Add to your profile:

"text_to_speech": {
  "system": "wavenet",
  "wavenet": {
    "cache_dir": "tts/googlewavenet/cache",
    "credentials_json": "tts/googlewavenet/credentials.json",
    "gender": "FEMALE",
    "language_code": "en-US",
    "sample_rate": 22050,
    "url": "https://texttospeech.googleapis.com/v1/text:synthesize",
    "voice": "Wavenet-C",
    "fallback_tts": "espeak"
  }
}

Before using WaveNet, you must set up a Google cloud account and generate a JSON credentials file. Save the JSON credentials file to wherever wavenet.credentials_json points to in your profile directory. You may also need to visit your Google cloud account settings and enable the text-to-speech API.

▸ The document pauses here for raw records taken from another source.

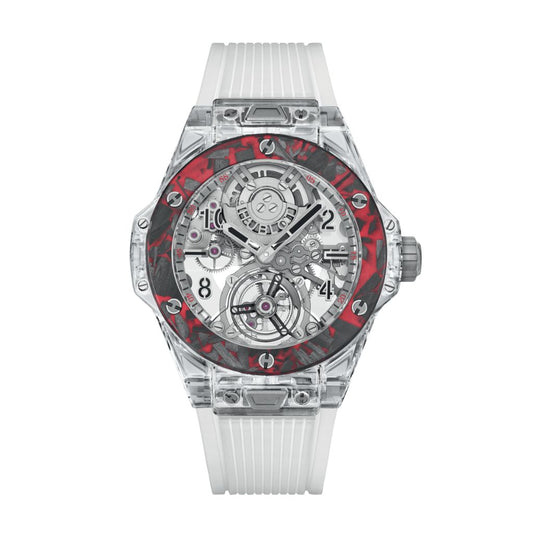 HUBLOT Big Bang Tourbillon Automatic Sapphire Las Vegas Boutique 45 mm Transparent Dial Polished Sapphire Crystal Rubber Strap 419.JQV.0113.RT.LVB23
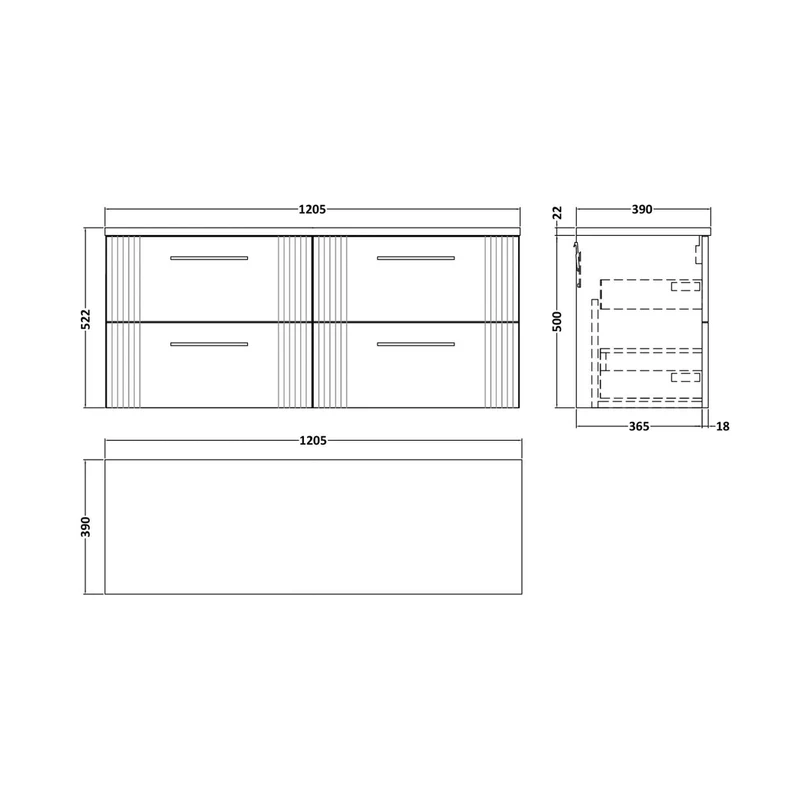 Nuie Deco 1200 Wall Hung 4-drawer Vanity & Laminate Worktop Contemporary Satin White MFC Painted Gloss 545x1215x455mm - DPF193LBG2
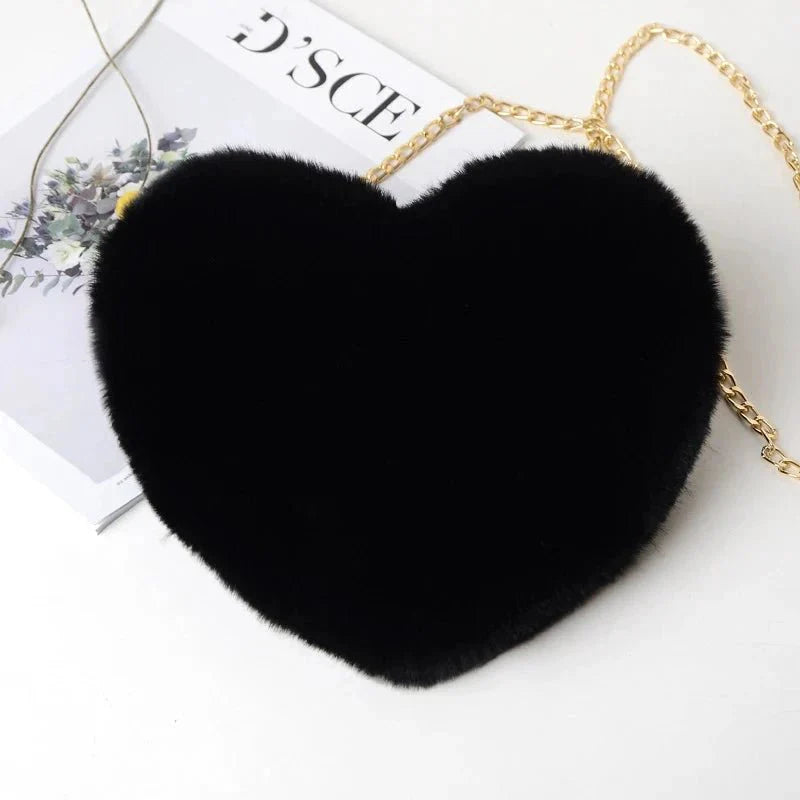 Bolso de mano cruzado de piel sintética en forma de corazón chic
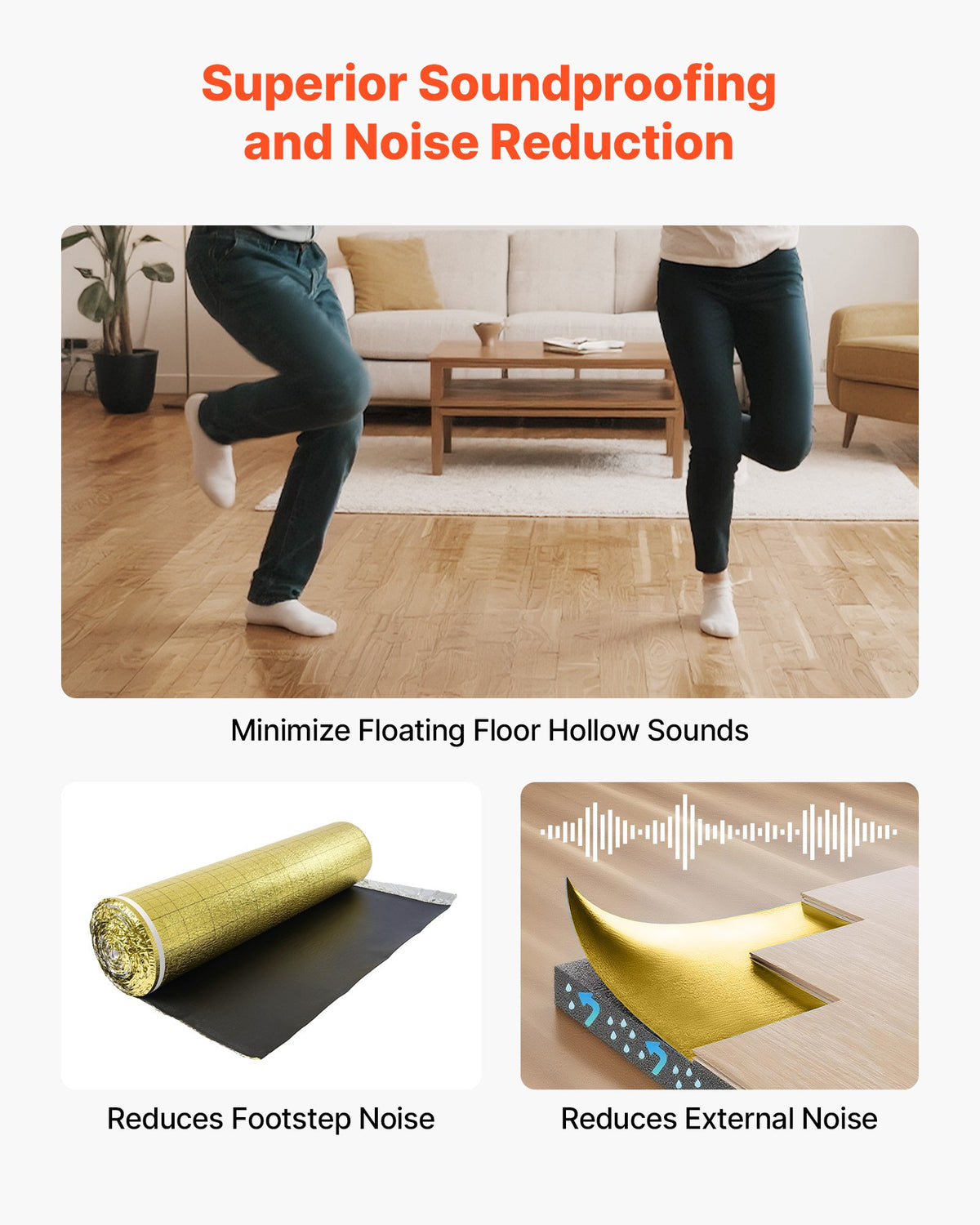 VEVOR Floor Underlayment 200 sq. ft/Roll, 3-in-1 3 mm Thick Flooring Padding with Tape & Vapor Barrier, Heavy Duty EPE Foam with Gold PE, Soundproofing and Noise Reduction, for Laminate Wood Floors - DMCDIXPE200S0604T001V0 - view 5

WAV files of each sentence are cached in wavenet.cache_dir in your profile directory. Sentences are cached based on their text and the gender, voice, language_code, and sample_rate of the wavenet system. Changing any of these things will require using the Google API.

If there are problems using the Google API (e.g., your internet connection fails), Rhasspy will switch over to the text to speech system given in wavenet.fallback_tts. The settings for the fallback system will be loaded from your profile as expected.

Contributed by Romkabouter.

See rhasspy.tts.GoogleWaveNetSentenceSpeaker for details.

Home Assistant TTS Platform

Use a TTS platform on your Home Assistant server.

Add to your profile:

"text_to_speech": {
  "system": "hass_tts",
  "hass_tts": {
      "platform": "..."
  }
}

The settings from your profile's home_assistant section are automatically used (URL, access token, etc.).

See rhasspy.tts.HomeAssistantSentenceSpeaker for details.

Command

You can extend Rhasspy easily with your own external text to speech system. When a sentence needs to be spoken, Rhasspy will call your custom program with the text given on standard in. Your program should return the corresponding WAV data on standard out.

Add to your profile:

"text_to_speech": {
  "system": "command",
  "command": {
      "program": "/path/to/program",
      "arguments": []
  }
}

For compatibility with other services and Rhasspy components, it's best to return 16 kHz, 16-bit mono WAV data.

See rhasspy.tts.CommandSentenceSpeaker for details.

Dummy

Disables text to speech.

Add to your profile:

"text_to_speech": {
  "system": "dummy"
}

See rhasspy.tts.DummySentenceSpeaker for details.